4 Responses to “Some good news for Swiss businesses and workers during hard economic times”

  1. Justuson 05 Mar 2009 at 4:47 pm

    I've been always very critical of family owned companies, because they are usually the ones that rectlessly try to make as much profits, as possible. I'm also pretty sceptical about this that family owned companies here in Switzerland will come out better than other fims. They might do better at the start, because they have alot of money to compete, but soon the crisis will hit them as well. An example is a German family owned company called Schaeffler. They too mad profit at first from the crisis, because as unemployment rose, alot of people went to Schaeffler and got a job, rising output. However now Schaeffler is facing big problems, because they baught "Continental". As the crisis increased the costs for Continental rose as well and now Schaeffler is making big lossses and is trying to get rid of them again.

    Of course it depends on what decicisos these firms make. They might be well thought of, or not. I deffinately don't agree that any family owned company in the world will come out better, than the normal firms.

  2. Simon Strongon 06 Mar 2009 at 10:11 am

    I think Justus that you are missing the point of the article.
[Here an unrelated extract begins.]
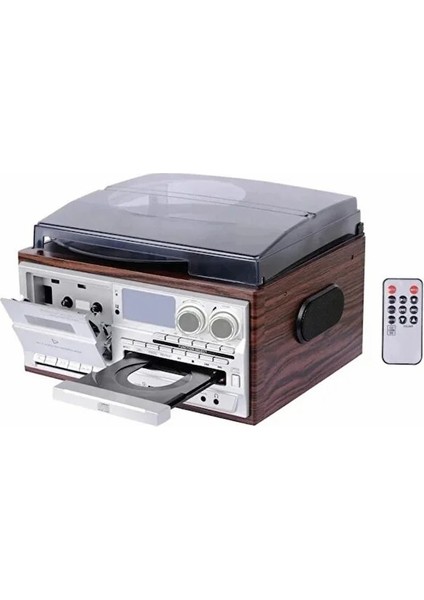 KN-110 Vintage Plak CD Kaset USB Bluetooth Tf Aux Özelikli Pikap modelleri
You seem to have this prejudice and idea that all family run businesses are out to make money even though the article states that "The survey of 300 Swiss family-owned SMEs found that 68 per cent of companies are less motivated by making money than in maintaining the good name of the firm." Which would then go far enough to contradict your point of Schaeffler as only 68% want this, not 100%. In Schaeffler's case I would propose that if it had been run by one of these 68% of family owned businesses then it would not be in it's current predicament. It's poor management is a contradictory example yes, and worthy of explanation too, but it is an example, so it depends.

  3. Laura Nanette Gon 10 Mar 2009 at 3:10 am

    I agree with Justus and Simons statement.

    Justus is right with his example facing Schaeffler, as well as Simon who states the main point of maintaining the good name of the firm. Personally I think it was a mistake from Schaeffler to take over Continental, as they knew the costs would increase. With the ecnomic crisis affecting almost all large firms it was a high risk. Most large companies that seem to buy up smaller companies at the moment are suffering from high cost and fall into depts. Governments have been giving out more subsidies than ever.

    Getting back to the article, I believe the situation will stay balanced as long as the rest of switzerland does. Already banks such as the UBS are struggeling with the media that are making their name bad, and having to keep up with the large amounts of losses. However this does not affect small private businesses in Switzerland so far. If a bank such as the UBS would go bankrupt there would be a definete problem for Switzerlands economy; including small family businesse.

    “It’s pretty ridiculous to pay people to sit around and do nothing,” Yves Defferrard of the Unia trade union told swissinfo. “But when they have no work for them, employers can often think of nothing better than to lay them off. That’s the wrong way to manage a crisis. It’s what happened in the downturn of 2000.” – The article also explains itself why Switzerland is working on their business and are not trying to cut down their costs too far. It is important to keep the customers and the balance between profits and losses. Keeping the customers would seem the most important for a firm; they keep the firm alive.

  4. Markus von der Marwion 12 Mar 2009 at 2:41 am

    It makes sense that family owned businesses would do better in am economic downturn. They have much fewer costs to cover and most of the businesses in switzerland seem to be more interested in keeping a good name for their firm, rather then making money. This most likely results in a loyal group of customers, who are probably willing to pay slightly more in a name that they trust, instead of purchasing goods from a large corporation. They are not looking for every lowest cost method.